But obviously not all Christians will agree with that statement. Probably most Christians won’t agree with that statement, and certainly the original and later signatories of the aforementioned open letter would absolutely not agree with me.

I was tempted to go over each point of the letter and write a rebuttal, but since that letter has been around since 2002, plenty of other rebuttals already exist, including an article at pre-trib.org and the Rapture Ready discussion forum (not that I’m likely to agree with all the points or perspectives of either population, but I do want to illustrate that not all “normative” Christians go along with the Knox Seminary letter).

Just a few days ago, as I’m writing this, Tim at the Onesimus Files blog, wrote a short but powerful article with accompanying links in support of Israel as remaining in God’s promises and refuting that the Gentile Church has replaced “earthly Israel” as the “spiritual” or “new Israel.” A day or so later, Judah Himango at his blog Kineti L’Tziyon wrote Purim: 5 unusual lessons for Yeshua’s disciples (and for those of you who may not know, “Yeshua” is the original Hebrew name for “Jesus”).
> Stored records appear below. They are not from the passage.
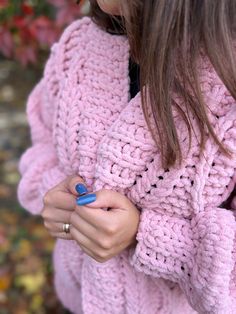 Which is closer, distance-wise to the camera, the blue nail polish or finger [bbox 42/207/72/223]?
the blue nail polish

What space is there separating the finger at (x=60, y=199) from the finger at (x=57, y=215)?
0.04 ft

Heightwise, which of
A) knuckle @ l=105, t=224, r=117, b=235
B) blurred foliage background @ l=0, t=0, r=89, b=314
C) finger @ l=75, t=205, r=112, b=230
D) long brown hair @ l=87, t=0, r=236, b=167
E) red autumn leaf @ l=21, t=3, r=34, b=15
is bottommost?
blurred foliage background @ l=0, t=0, r=89, b=314

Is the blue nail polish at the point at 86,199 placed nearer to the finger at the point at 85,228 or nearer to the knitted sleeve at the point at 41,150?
the finger at the point at 85,228

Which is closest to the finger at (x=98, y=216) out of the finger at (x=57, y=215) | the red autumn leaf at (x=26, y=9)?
the finger at (x=57, y=215)

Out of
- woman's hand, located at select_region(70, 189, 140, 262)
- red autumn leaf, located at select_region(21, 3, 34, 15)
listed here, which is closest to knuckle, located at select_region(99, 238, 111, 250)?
woman's hand, located at select_region(70, 189, 140, 262)

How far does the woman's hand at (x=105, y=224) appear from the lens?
0.98 metres

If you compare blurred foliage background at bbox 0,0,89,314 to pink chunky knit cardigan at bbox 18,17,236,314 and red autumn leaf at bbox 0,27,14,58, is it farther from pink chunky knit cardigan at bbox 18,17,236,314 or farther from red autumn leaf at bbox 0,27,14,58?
pink chunky knit cardigan at bbox 18,17,236,314

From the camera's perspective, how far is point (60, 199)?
1.08 metres

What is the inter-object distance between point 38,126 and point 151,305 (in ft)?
1.62

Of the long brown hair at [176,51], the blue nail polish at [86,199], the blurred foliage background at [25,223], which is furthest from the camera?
the blurred foliage background at [25,223]

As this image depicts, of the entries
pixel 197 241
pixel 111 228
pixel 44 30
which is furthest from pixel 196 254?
pixel 44 30

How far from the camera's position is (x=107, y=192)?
3.21 feet

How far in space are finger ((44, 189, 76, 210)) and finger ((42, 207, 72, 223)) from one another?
12 millimetres

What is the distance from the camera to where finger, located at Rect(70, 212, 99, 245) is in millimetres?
999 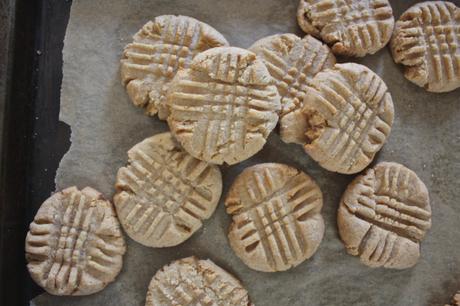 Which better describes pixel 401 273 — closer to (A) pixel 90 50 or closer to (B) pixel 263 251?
(B) pixel 263 251

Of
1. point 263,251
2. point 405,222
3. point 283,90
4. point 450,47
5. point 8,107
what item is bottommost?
point 263,251

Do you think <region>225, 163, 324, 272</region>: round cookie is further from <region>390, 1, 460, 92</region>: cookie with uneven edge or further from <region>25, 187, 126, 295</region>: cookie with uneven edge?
<region>390, 1, 460, 92</region>: cookie with uneven edge

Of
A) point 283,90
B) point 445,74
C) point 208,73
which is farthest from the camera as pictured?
point 445,74

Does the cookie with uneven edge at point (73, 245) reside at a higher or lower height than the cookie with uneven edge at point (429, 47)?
lower

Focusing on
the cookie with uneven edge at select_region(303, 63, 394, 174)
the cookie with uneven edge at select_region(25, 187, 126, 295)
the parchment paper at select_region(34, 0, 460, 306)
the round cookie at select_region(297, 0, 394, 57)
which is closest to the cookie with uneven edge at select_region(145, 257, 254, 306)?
the parchment paper at select_region(34, 0, 460, 306)

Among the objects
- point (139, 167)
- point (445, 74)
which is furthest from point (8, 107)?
point (445, 74)

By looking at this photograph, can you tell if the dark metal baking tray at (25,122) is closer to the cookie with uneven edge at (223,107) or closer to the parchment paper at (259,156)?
the parchment paper at (259,156)

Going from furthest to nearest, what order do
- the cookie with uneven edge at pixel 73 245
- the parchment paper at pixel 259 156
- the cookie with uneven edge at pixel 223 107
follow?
the parchment paper at pixel 259 156 → the cookie with uneven edge at pixel 73 245 → the cookie with uneven edge at pixel 223 107

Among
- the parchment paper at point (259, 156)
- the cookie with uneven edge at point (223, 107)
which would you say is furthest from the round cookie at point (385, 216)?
the cookie with uneven edge at point (223, 107) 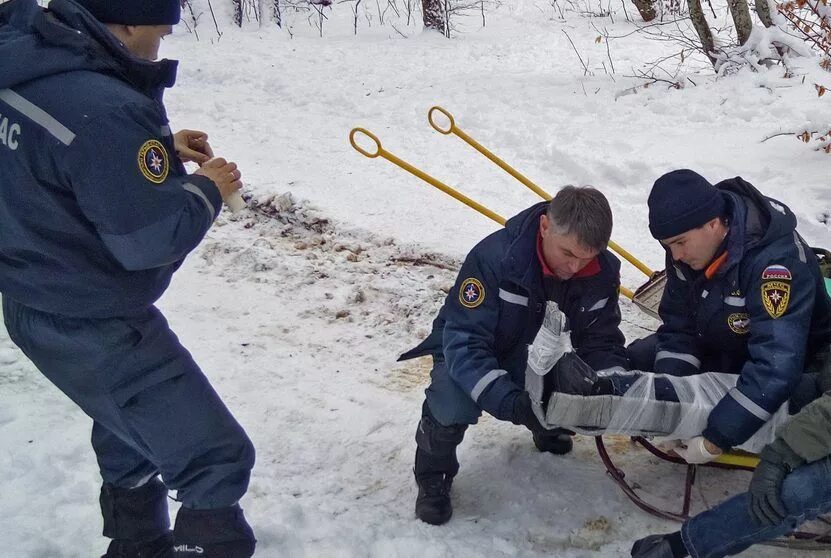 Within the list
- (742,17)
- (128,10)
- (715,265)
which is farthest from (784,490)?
(742,17)

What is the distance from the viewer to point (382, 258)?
5078mm

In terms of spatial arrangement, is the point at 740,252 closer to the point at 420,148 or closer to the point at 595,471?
the point at 595,471

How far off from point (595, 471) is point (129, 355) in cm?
193

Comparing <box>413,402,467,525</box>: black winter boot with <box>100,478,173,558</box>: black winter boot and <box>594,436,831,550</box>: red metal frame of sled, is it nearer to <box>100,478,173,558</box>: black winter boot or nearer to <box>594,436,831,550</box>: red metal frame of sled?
<box>594,436,831,550</box>: red metal frame of sled

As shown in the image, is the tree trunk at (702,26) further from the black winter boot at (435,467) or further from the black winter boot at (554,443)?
the black winter boot at (435,467)

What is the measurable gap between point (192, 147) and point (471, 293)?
1.10 m

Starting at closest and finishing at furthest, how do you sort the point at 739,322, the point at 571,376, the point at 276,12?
the point at 571,376 < the point at 739,322 < the point at 276,12

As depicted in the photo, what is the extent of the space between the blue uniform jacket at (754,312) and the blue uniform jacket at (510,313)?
0.27 metres

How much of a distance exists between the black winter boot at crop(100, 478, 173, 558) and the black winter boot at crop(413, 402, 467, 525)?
924mm

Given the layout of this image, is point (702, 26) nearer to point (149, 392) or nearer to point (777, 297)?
point (777, 297)

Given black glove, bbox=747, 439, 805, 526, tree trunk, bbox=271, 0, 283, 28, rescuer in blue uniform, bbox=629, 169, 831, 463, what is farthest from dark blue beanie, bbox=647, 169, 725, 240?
tree trunk, bbox=271, 0, 283, 28

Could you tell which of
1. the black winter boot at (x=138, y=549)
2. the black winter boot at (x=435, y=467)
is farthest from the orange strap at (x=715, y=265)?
the black winter boot at (x=138, y=549)

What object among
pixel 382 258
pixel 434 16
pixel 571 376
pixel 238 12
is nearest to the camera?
pixel 571 376

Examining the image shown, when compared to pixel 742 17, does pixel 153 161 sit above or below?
below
I don’t always agree with either Tim’s or Judah’s perspectives on certain things, but we do agree that God has not done away with the centrality of Israel in God’s prophetic, Messianic promises, and that the non-Jewish people of the world must come alongside the Jewish people by becoming disciples of “the King of the Jews,” who came once as Yeshua ben Yosef and who will return in power as Yeshua ben David, and through the worship of the God of all, the One God, Israel’s God.

I will bless those who bless you, and the one who curses you I will curse; and in you all the families of the earth shall be blessed.

Genesis 12:3 (NRSV)

That’s God speaking to Abram (later named Abraham) and blessing him with an eternal blessing that applies to all of his descendants through Isaac and Jacob who today are the Jewish people. God not only promises to bless the nations who bless Abraham and his descendants and to curse those who curse them, but He inserts a veiled promise that all the families, the nations of the earth shall be blessed by Abraham’s seed, Messiah.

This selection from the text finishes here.